Condor Long Cut

Joachim Acker

 

Im Schatten unter dem Dach der Gartenbank ist die bleierne Hitze die über dem Tal lastet und die die Luft über der Brombeerhecke zum erzittern bringt, gerade noch auszuhalten. Westlich, über dem Kernen, ziehen sich unheilverkündend und drohend die ersten dunklen Wetterwolken zusammen, blauschwarze Ungetüme die nichts Gutes verkündeten.

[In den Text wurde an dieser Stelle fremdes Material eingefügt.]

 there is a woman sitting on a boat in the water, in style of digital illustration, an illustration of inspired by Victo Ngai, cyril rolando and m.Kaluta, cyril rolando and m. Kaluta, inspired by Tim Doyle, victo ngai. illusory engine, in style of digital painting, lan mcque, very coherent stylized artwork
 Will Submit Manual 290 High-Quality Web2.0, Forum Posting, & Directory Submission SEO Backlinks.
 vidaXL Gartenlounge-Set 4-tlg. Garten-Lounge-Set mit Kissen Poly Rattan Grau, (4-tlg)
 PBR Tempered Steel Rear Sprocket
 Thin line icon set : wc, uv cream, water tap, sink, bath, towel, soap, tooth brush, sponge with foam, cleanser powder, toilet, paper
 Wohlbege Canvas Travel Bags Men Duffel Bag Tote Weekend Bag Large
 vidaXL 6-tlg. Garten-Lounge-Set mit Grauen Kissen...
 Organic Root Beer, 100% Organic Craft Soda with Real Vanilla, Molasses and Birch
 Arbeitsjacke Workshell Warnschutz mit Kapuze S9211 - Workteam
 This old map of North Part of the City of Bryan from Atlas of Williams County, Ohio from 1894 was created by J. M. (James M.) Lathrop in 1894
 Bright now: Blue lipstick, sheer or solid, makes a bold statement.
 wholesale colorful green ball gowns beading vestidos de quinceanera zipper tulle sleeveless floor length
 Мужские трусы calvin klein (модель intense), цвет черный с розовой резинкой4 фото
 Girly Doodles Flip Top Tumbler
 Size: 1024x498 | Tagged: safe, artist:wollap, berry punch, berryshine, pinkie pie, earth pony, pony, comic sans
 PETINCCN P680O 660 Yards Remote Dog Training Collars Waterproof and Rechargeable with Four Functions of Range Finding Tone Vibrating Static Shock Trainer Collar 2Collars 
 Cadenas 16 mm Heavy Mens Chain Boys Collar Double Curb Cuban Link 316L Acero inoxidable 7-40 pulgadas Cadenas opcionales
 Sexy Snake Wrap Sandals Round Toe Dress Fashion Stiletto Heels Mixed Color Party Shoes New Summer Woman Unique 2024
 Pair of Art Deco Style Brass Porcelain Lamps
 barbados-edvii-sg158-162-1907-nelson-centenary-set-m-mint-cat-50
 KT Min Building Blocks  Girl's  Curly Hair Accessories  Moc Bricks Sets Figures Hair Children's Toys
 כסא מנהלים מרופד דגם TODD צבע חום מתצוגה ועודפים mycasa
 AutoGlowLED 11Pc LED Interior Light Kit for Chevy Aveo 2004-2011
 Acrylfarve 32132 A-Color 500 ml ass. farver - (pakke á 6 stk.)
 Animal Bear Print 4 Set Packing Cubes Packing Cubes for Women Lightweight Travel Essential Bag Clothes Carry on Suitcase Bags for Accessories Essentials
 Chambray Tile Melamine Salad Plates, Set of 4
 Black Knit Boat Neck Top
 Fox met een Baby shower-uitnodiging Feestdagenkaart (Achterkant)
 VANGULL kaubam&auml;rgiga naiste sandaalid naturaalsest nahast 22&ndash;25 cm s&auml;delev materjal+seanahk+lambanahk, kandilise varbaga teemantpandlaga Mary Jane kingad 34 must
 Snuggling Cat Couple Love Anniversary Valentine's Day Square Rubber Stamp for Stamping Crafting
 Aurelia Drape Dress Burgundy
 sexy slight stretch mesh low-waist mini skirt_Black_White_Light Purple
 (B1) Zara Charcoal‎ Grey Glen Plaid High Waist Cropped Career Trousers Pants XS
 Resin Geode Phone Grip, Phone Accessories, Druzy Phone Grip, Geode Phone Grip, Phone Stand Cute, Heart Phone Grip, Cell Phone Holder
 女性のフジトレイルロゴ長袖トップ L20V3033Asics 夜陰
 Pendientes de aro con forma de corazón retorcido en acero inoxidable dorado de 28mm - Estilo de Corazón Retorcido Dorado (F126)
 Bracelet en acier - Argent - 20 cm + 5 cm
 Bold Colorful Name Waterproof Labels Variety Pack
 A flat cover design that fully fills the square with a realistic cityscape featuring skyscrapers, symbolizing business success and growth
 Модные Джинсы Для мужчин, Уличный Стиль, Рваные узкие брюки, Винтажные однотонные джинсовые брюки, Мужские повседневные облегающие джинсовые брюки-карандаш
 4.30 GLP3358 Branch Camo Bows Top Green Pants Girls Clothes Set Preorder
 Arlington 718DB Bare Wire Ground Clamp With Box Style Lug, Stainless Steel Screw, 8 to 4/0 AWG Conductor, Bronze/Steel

Ich nehme den braunen Pouch (auf der Vorderseite stehen die Worte: Smoking kills und auf der Rückseite: Smokers die younger) mit dem Condor Long Cut zur Hand, öffne die Packung und atme tief den einmaligen Geruch nach Frische und Weite ein, der typische Condorgeruch, undefinierbar im Aroma, aber, so meine ich, etwas weniger aufdringlich wie der Ready Rubbed gleichen Namens. Dünn geschnittene, schmale Streifen aus Virginia Tabak, vermutlich mit einem Hauch von Perique, dunkelbraun glänzend und sich etwas feucht anfühlend, liegen im Pouch. Ich entnehme zwei Streifen und wurstle sie in meine Pfeife, zünde an und gebe mich dem Geschmack des Tabaks hin. Die ersten Rauchwolken treiben zu dem Netz der Kreuzspinne, der Achtfüßlerin behagt wohl der Rauch nicht denn fluchtartig huscht sie aus des Netzes Mitte in ihr sicheres Versteck.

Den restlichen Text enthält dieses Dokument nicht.